Repeatedly removes structural leaf nodes from a pedigree until no further
trimming is possible or a stopping condition is reached. After each removal
pass, parent ID columns are updated so that references to removed individuals
are set to NA.
Usage
trimPedigree(
ped,
personID = "ID",
momID = "momID",
dadID = "dadID",
include_terminal = TRUE,
include_founder_singletons = TRUE,
max_iter = Inf,
min_size = 0L,
remove_ids = NULL,
keep_var = NULL,
keep_vals = NULL,
verbose = FALSE
)Arguments
- ped
a pedigree dataset. Needs ID, momID, and dadID columns
- personID
character. Name of the column in ped for the person ID variable
- momID
character. Name of the column in ped for the mother ID variable
- dadID
character. Name of the column in ped for the father ID variable
- include_terminal
Logical. If
TRUE(default), flag individuals with no children (outdegree 0) as leaves.- include_founder_singletons
Logical. If
TRUE(default), also flag founders with exactly one child (indegree 0, outdegree 1) as leaves.- max_iter
Integer or
Inf. Maximum number of trimming iterations. Defaults toInf, which trims until no other stopping condition applies.- min_size
Integer. Minimum number of individuals to retain. Trimming stops before any removal that would reduce the pedigree below this size. Defaults to
0L.- remove_ids
Character vector of additional individual IDs to remove before any leaf-based trimming. Defaults to
NULL.- keep_var
Character. Optional column name of a phenotypic variable. Passed to
findLeavesat every iteration so that individuals with protected phenotype values are never removed.- keep_vals
Optional vector of phenotype values that protect an individual from removal. See
findLeavesfor full details.- verbose
Logical. If
TRUE, print counts of each leaf type.
Value
A trimmed pedigree data.frame with the same columns as the
input. Parent ID columns (momID, dadID) are updated to
NA for any references to removed individuals.
Details
The trimming process peels the pedigree from the outside in: first removing the outermost leaves, then re-evaluating the remaining structure so that newly exposed leaves can be removed in subsequent iterations.

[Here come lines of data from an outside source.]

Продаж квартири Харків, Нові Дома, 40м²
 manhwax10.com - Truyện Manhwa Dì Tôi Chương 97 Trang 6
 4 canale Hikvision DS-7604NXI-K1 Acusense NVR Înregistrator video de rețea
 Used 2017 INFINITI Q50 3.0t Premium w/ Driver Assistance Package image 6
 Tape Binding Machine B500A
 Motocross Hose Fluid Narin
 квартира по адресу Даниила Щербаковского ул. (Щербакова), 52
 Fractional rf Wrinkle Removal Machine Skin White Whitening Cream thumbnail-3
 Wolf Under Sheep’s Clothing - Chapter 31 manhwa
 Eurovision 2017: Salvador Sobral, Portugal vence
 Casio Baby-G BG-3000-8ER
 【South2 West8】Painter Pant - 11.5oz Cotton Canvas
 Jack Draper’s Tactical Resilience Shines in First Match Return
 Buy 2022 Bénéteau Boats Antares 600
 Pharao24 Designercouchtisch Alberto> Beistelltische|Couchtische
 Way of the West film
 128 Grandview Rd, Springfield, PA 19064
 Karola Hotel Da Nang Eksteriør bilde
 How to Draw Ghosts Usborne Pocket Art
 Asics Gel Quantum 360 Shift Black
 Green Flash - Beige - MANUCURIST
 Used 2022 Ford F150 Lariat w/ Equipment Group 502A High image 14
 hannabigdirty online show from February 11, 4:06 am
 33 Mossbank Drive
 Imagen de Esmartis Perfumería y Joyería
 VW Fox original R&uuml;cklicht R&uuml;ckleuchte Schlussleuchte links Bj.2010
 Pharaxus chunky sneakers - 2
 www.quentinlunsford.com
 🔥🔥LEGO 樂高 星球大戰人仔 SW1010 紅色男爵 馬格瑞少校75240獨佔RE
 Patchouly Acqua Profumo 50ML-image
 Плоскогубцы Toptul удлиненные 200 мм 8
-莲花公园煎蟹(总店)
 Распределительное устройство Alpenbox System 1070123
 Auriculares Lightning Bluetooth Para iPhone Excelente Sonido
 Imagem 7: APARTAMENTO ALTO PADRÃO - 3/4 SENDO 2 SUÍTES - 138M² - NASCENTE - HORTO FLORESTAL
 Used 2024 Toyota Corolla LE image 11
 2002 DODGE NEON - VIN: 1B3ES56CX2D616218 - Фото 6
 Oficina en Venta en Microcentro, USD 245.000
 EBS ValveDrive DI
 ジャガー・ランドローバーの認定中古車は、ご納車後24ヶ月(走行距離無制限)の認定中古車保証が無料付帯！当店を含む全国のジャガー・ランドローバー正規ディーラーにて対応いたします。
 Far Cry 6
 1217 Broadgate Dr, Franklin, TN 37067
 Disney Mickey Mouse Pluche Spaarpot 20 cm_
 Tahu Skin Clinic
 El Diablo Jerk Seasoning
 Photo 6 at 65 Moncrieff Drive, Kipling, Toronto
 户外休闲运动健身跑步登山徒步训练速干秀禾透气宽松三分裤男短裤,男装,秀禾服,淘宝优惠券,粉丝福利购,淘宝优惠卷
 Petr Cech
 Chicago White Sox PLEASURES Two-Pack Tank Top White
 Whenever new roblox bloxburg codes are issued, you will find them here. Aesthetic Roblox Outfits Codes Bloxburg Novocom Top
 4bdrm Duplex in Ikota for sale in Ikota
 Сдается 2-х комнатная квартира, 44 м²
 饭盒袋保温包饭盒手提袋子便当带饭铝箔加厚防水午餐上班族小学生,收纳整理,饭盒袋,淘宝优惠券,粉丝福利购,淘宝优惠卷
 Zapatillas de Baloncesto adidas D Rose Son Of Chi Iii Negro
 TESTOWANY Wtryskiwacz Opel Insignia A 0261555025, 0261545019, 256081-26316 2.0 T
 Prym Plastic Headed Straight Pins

Iteration stops when any of the following conditions is met:
No leaf nodes remain.
The number of iterations reaches
max_iter.Removing the next batch of leaves would reduce the pedigree below
min_sizerows.
See also
findLeaves to preview which individuals would be removed.
Examples
if (FALSE) { # \dontrun{
ped <- data.frame(
ID = 1:6,
dadID = c(NA, NA, 1, 1, 3, NA),
momID = c(NA, NA, 2, 2, 4, NA)
)
trimPedigree(ped, verbose = TRUE)
trimPedigree(ped, min_size = 2, verbose = TRUE)
} # }